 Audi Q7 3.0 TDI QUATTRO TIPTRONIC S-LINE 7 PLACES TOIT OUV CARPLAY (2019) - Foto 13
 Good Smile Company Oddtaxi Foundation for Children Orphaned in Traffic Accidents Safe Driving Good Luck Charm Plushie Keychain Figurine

...

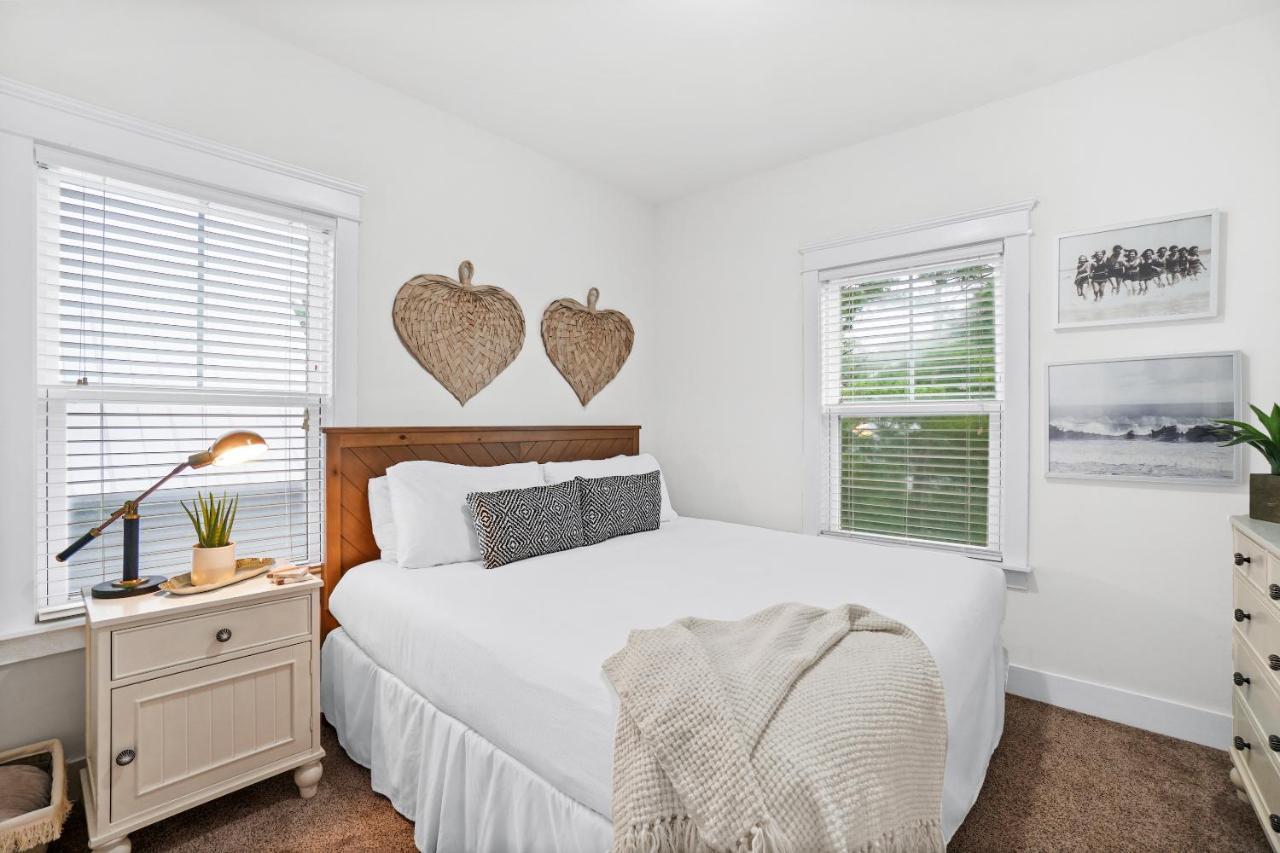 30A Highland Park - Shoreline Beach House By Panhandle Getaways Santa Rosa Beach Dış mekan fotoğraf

==

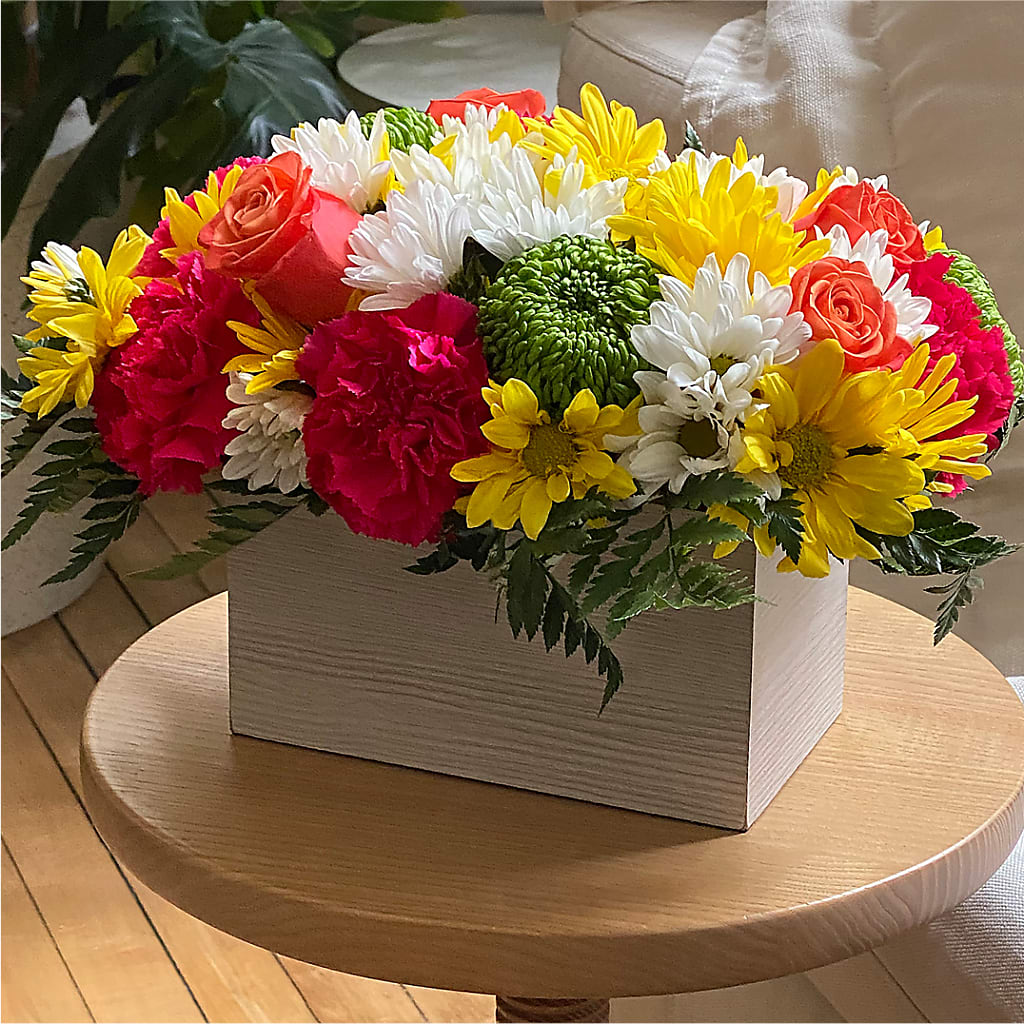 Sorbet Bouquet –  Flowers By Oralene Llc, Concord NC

▶ [What you have to do]: From the listing above, the lines starting with the one that has "Audi Q7 3.0" and running through the one that has "Good Smile Company" should be copied exactly, ends included.

▶ [Written answer]:
 Audi Q7 3.0 TDI QUATTRO TIPTRONIC S-LINE 7 PLACES TOIT OUV CARPLAY (2019) - Foto 13
 Good Smile Company Oddtaxi Foundation for Children Orphaned in Traffic Accidents Safe Driving Good Luck Charm Plushie Keychain Figurine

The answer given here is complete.